Language of instruction
English
Number of ECTS credits
4
Supervisor
Department
Learning outcomes of the course unit
Students will be made familiar with basic principles of the fluid flow modelling: physical laws, the mathematical analysis of equations describing flows (Euler and Navier-Stokes equations), the choice of an appropriate method (which issues from the physical as well as from the mathematical essence of equations) and the computer implementation of proposed method (preprocessing = mesh generation, numerical solver, postprocessing = visualization of desired physical quantities). Students will demonstrate the acquinted knowledge by elaborating semester assignement.
Prerequisites
Evolution partial differential equations, functional analysis, numerical methods for partial differential equations.
Planned learning activities and teaching methods
The course is taught through lectures explaining the basic principles and theory of the discipline. Exercises are focused on practical topics presented in lectures.
Assesment methods and criteria linked to learning outcomes
CONDITIONS FOR OBTAINING THE COURSE-UNIT CREDIT: Active participation in seminars, taking part in a semester project (a protocol with conclusions has to be delivered to the teacher). Students can obtain up to 30 points from the seminars – they will be included in the final course classification.

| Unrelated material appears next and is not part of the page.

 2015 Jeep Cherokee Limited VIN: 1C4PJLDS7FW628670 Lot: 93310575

EXAM: The exam is oral. The students can obtain up to 70 points from the exam.
FINAL ASSESSMENT: The final classicifation is based on the sum of the points obtained from both the seminars and exam.
CLASSIFICATION SCALE: A (excellent): 100-90, B (very good): 89-80, C (good): 79-70, D (satisfactory): 69-60, E (sufficient): 59-50, F (failed): 49-0.
Aims
The course is intended as an introduction to the computational fluid dynamics. In case of compressible flow, the finite volume method and the discontinuous Galerkin method are introduced, and in case of incompressible flows the pressure-correction method and the finite element method are described. Students ought to realize that only the knowledge of substantial physical and mathematical aspects of particular types of flows enables them to choose an effective numerical method and an appropriate software product. The development of individual semester assignement constitutes an important experience enabling to verify how the subject matter was managed.

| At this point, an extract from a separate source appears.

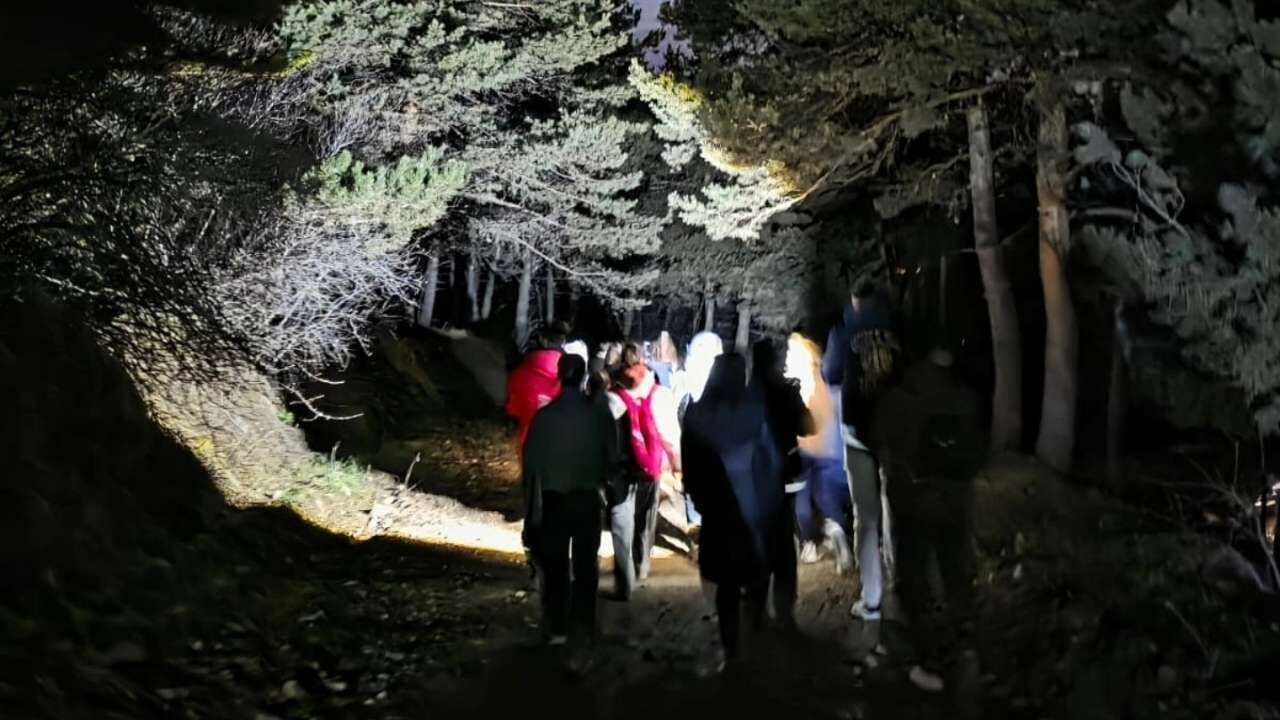 Yozgatlı Doğaseverler Günbatımında Çamlık’ta Buluştu (2)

Specification of controlled education, way of implementation and compensation for absences
Attendance at lectures is recommended, attendance at seminars is required. Lessons are planned according to the week schedules. Absence from lessons may be compensated by the agreement with the teacher supervising the seminars.
The study programmes with the given course
Programme N-MAI-A: Mathematical Engineering, Master's, compulsory
Programme M2A-A: Applied Sciences in Engineering, Master's
branch M-MAI: Mathematical Engineering, compulsory
Type of course unit
Lecture
26 hours, optionally
Teacher / Lecturer
Syllabus
1. Material derivative, transport theorem, laws of conservation of mass and momentum.
2. Law of conservation of energy, constitutive relations, thermodynamic state equations.
3. Navier-Stokes and Euler equations, initial and boundary conditions.
4. Traffic flow equation, acoustic equations, shallow water equations.
5. Hyperbolic system, classical and week solution, discontinuities.
6. The Riemann problem in linear and nonlinear case, wave types.
7. Finite volume method, numerical flux, local error, stability, convergence.
8. The Godunov's method.
9. Flux vector splitting methods: Vijayasundaram, Steger-Warming, Van Leer, Roe.
10. Boundary conditions, secon order methods.
11. Discontinuous Galerkin method for compressible inviscid flow: introduction to DGM, discretization of 2D Euler equations.
12. Finite volume method for viscous incompressible flows: the SIMPLE algorithm on a rectangular mesh.
13. Finite volume method for viscous incompressible flows: the SIMPLE algorithm for an unstructured mesh.
Computer-assisted exercise
13 hours, compulsory
Teacher / Lecturer
Syllabus
Demonstration of solutions of selected model tasks on computers. Elaboration of the semester assignment.